The FBI Ten Most Wanted Fugitives is a most wanted list maintained by the United States's Federal Bureau of Investigation (FBI). The list arose from a conversation held in late 1949 between J. Edgar Hoover, Director of the FBI, and William Kinsey Hutchinson, International News Service (the predecessor of the United Press International) editor-in-chief, who were discussing ways to promote capture of the FBI's "toughest guys". This discussion turned into a published article, which received so much positive publicity that on March 14, 1950, the FBI officially announced the list to increase law enforcement's ability to capture dangerous fugitives. The first person added to the list was Thomas J. Holden, a robber and member of the Holden–Keating Gang on the day of the list's inception.

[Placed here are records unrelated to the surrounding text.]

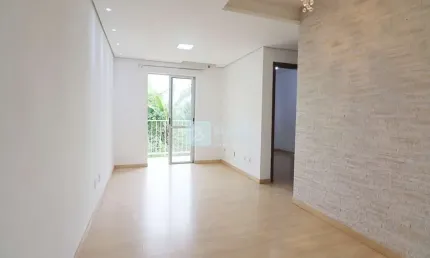 Apartamento com 2 quartos à venda no Itoupavazinha, Blumenau , 67 m2 por R$ 255.000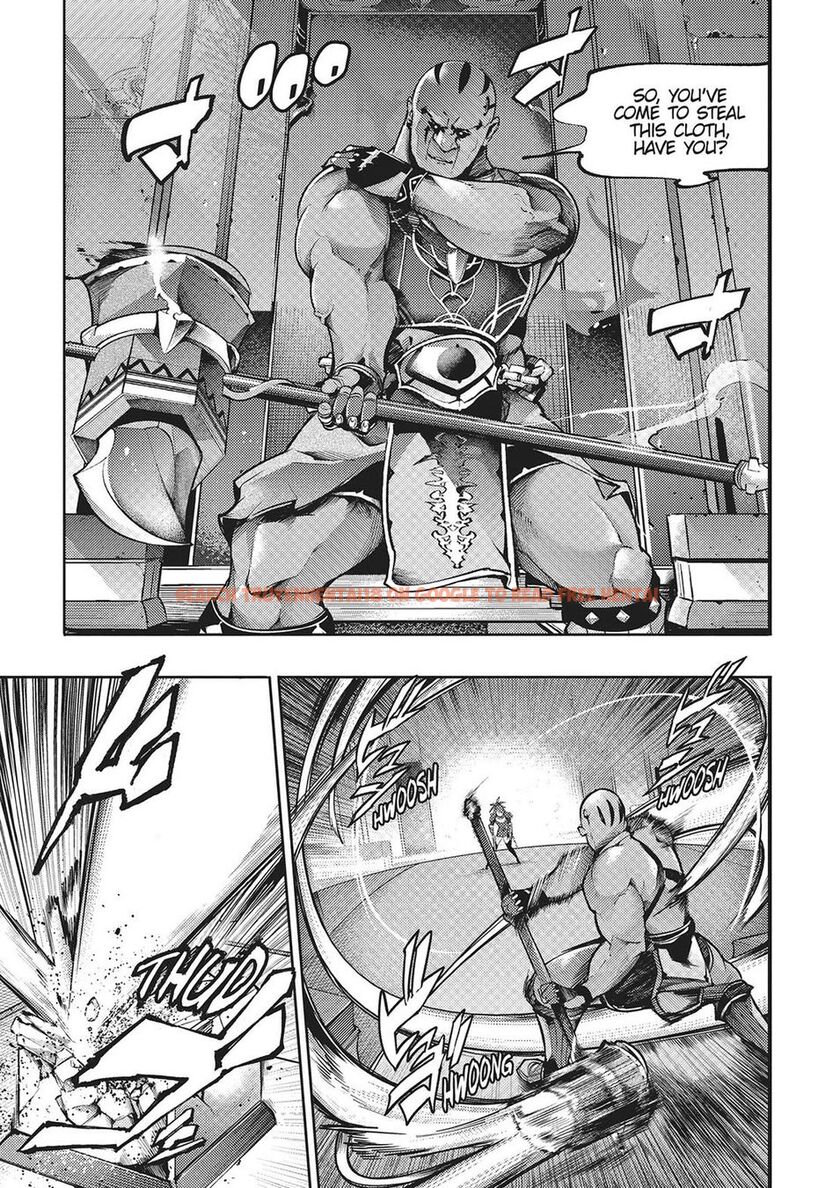 Read Hentai Image 6 8937c in comic Shuumatsu No Harem: Fantasia - Chapter 49 - hentaitnt.net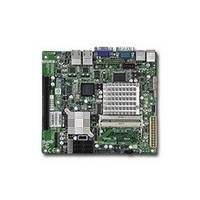 Материнская плата SuperMicro MBD-X7SPE-HF-D525-O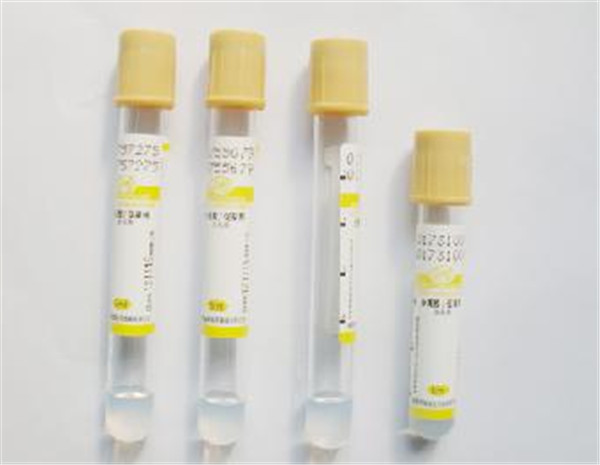 ຢາສະຫລາກຕຸກນ້ ຳ ຢາທີ່ມີຄວາມສາມາດຄວບຄຸມນ້ ຳ ໜັກ ໄດ້ 380KG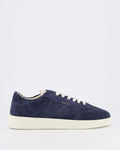 Herren Joro Liber Sneaker Blau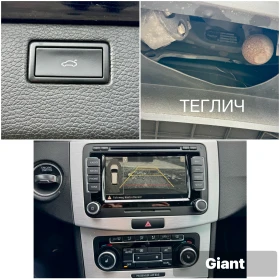 VW Passat 2.0TDi Highline DSG 170hp - 6999 € - 65429881 12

Individuals are generally only removed from the list if they are captured, die, or if the charges against them are dropped; they are then replaced by a new entry selected by the FBI. In eleven cases, the FBI removed individuals from the list after deciding that they were no longer a "particularly dangerous menace to society". Machetero member Víctor Manuel Gerena, added to the list in 1984, was on the list for 32 years, which was longer than anyone else. Billie Austin Bryant spent the shortest amount of time on the list, being listed for two hours in 1969. The oldest person to be added to the list was Eugene Palmer on May 29, 2019, at 80 years old. On rare occasions, the FBI will add a "Number Eleven" if that individual is extremely dangerous but the Bureau does not feel any of the current ten should be removed. Despite occasional references in the media, the FBI does not rank their list; no suspect is considered "#1 on the FBI's Most Wanted List" or "The Most Wanted".

The list is commonly posted in public places such as post offices. Some people on the list have turned themselves in. On May 18, 1996, after surrendering at the U.S. embassy in Guatemala City, Leslie Isben Rogge became the first person on the FBI Ten Most Wanted Fugitives list to be apprehended due to the FBI's then-new home page on the Internet. The FBI maintains other lists of individuals, including the FBI Most Wanted Terrorists, along with crime alerts, missing persons, and other fugitive lists.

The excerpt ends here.